-- MATERIAL FOR THIS TASK follows --

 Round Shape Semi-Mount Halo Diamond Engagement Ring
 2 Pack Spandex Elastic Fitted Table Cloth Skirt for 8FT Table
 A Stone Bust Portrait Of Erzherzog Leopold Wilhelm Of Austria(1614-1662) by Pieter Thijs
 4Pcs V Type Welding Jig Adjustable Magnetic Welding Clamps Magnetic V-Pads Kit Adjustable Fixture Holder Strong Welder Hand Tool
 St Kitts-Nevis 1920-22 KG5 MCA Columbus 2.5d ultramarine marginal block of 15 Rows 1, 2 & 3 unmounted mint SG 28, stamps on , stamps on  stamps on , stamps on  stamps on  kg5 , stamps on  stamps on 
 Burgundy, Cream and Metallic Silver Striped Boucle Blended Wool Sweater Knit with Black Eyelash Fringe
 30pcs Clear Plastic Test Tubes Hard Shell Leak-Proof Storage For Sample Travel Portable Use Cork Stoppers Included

-- MATERIAL FOR THIS TASK concluded --
-- MATERIAL FOR THIS TASK follows --

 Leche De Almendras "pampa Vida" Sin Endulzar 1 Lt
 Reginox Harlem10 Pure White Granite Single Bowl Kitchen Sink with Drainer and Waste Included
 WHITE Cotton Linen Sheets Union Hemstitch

-- MATERIAL FOR THIS TASK concluded --

## TASK DESCRIPTION
Lines holding the word "Included" in the entries above are the ones to pull out. Copy them all.

## EXERCISE RESULT
 30pcs Clear Plastic Test Tubes Hard Shell Leak-Proof Storage For Sample Travel Portable Use Cork Stoppers Included
 Reginox Harlem10 Pure White Granite Single Bowl Kitchen Sink with Drainer and Waste Included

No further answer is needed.